Levon Helm passed away April 19, at the age of 71. The outpouring of grief following his passing was massive, and deserved—Helm’s music touched many lives through his long career. But in a way, it felt incongruous with his life: Helm’s life in music was a purer thing—it never felt like he was chasing celebrity or fame, it was just something that needed doing.
The best parts of Helm’s biography read like the stuff of legend: he famously quit touring with his Band bandmates on Bob Dylan’s electric jaunt in 1966 to go work on an oil rig, the kind of move that’s practically a Bruce Springsteen album in and of itself. But the beautiful thing about Helm’s life is that he carried it out without conceit, without a sense of self. Unlike Robbie Robertson, who likely would have actually written an album about quitting a touring group to work on an oil rig, Helm just did it, and then went back to playing music.
The temptation in writing about Helm’s life is to mythologize him, to turn him into a character like Virgil Caine (“The Night They Drove Old Dixie Down”) or “The Weight”‘s unnamed narrator. That said, it’s hard not to: few singers have been able to inhabit a song in the way he did, and in doing so, disappear completely into a character while maintaining their own voice. But that was what was so interesting about hearing him sing: though his voice was in turns lascivious (“Up on Cripple Creek”), wounded (“Dixie”), and overwrought (“Yazoo Street Scandal”), Helm never ended up sounding theatrical or overbearing—not an easy trick in a decade surrounded by peers both theatrical and overbearing (Jim Morrison, Robert Plant, et al)

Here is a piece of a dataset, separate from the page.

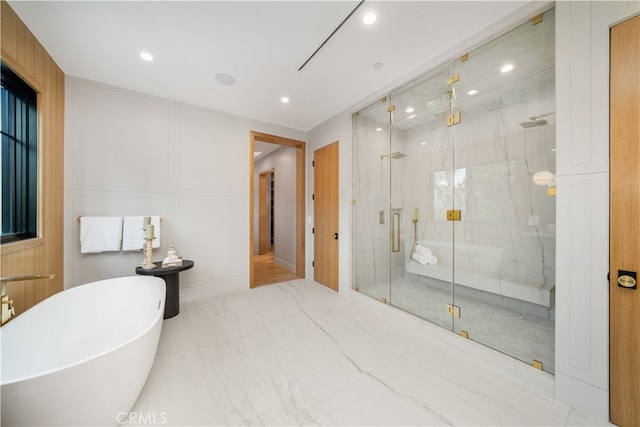 bathroom featuring tile flooring and separate shower and tub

Helm was the Band’s anchor in more than just a rhythmic sense. He dialed down Robertson’s other, more grandiose leanings, and with Rick Danko and Richard Manuel increasingly lost to substance abuse or drink as the group’s career went on, (and Garth Hudson out in the ether as always), he was able to keep the Band firmly grounded in its roots as a rock ‘n’ roll outfit first and foremost—something elemental and primal. His influence is thrown into sharper relief when you compare their careers after the Band: Robertson chose to dedicate himself to over-labored concept albums and working in film scoring, while Helm (who, it must be said, did stray a bit, trying his hand at acting) simply continued to play, as he always did.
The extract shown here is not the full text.